Comment surmonter ces malentendus anciens et renouvelés, alors même qu’on pouvait les croire dépassés ? Ce pourrait être la question en filigrane de ce livre collectif, dont le titre évoque précisément « la fin d’une illusion ». Le sociologue Danny Trom et le philosophe Bruno Karsenti évoquent deux visions inconciliables : la première  rappelle les horreurs planétaires de l’islamisme radical, à l’œuvre par exemple au Bataclan et dans l’attaque du festival israélien Nova ; la seconde inscrit le 7 octobre dans une autre série qui n’inclut pas les islamistes au pouvoir à Gaza sous les atours du Hamas, mais la lutte des Palestiniens pour disposer d’eux-mêmes sur leur propre territoire et non disséminés à travers d’autres pays arabes. Ces deux visions approfondissent les clivages. Trom et Karsenti prônent dès lors un troisième point de vue, très proche de celui développé par leur collègue Ehrenfreund.
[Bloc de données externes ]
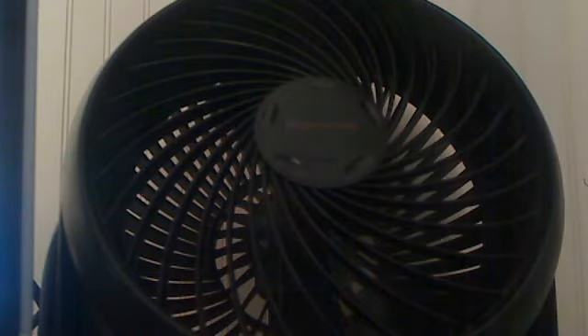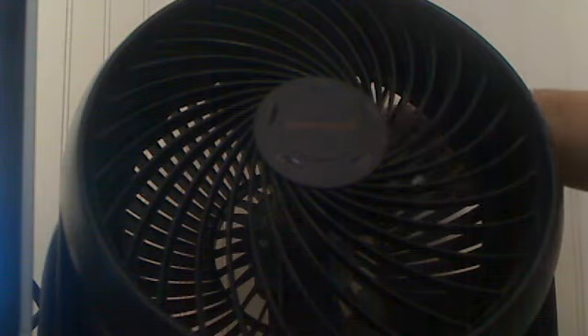The switch is back here. This fan looks really good and it is.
Conscience historique de l’Europe

Dans cette troisième optique, le 7 octobre appartient bien à la répétition de la destruction des juifs, que ce soit à travers le vieux prisme chrétien hostile au maintien du judaïsme, les pogroms d’Europe de l’est, l’extermination industrielle nazie ou l’islamisme. Mais cette vision va inscrire également cet événement dans « la conscience historique de l’Europe », divisée entre les Européens (et nouveaux arrivants) soucieux de cultiver et de protéger la démocratie mi-néo-libérale et mi-sociale et les Européens (et nouveaux arrivants) qui ne voient dans cette démocratie qu’exploitation et oppression, à l’intérieur de l’UE comme à l’extérieur (et parmi ces derniers on trouvera autant de néo-souverainistes que de militants résolus à marginaliser l’Europe dans un monde supposément rééquilibré en faveur d’un Sud global excluant Israël). 

Une question émerge à la lecture de cet ouvrage : et si ceux qui pourraient prendre l’Europe au sérieux dans sa vocation démocratique et pacifique étaient précisément ceux – les juifs – qui ont encore à craindre que cette partie du monde ne les trahisse après leur avoir enfin cédé un territoire colonisé depuis 1917 par les Britanniques ? Dans ce but, ne faudrait-il pas raviver le combat contre l’antisémitisme plutôt que de mettre un voile sur les occurrences de ce mal ? Nier les résurgences de la violence envers les juifs empêche les Européens de se pencher sur leurs propres divisions, de les surmonter au bénéfice de tous les citoyens de notre continent, indépendamment de leurs origines et de leurs religions, voire de porter les idéaux démocratiques sur le plan mondial. C’est du moins ce que comprend la lectrice de cet ouvrage. Enfin, on notera que, pour le philosophe Bruno Karsenti, c’est la diaspora juive (si on la laisse s’épanouir dans la sécurité) qui pourra apporter son soutien critique à un Israël lui aussi profondément divisé sur la manière d’assurer sa pérennité et de réorganiser sa vie démocratique.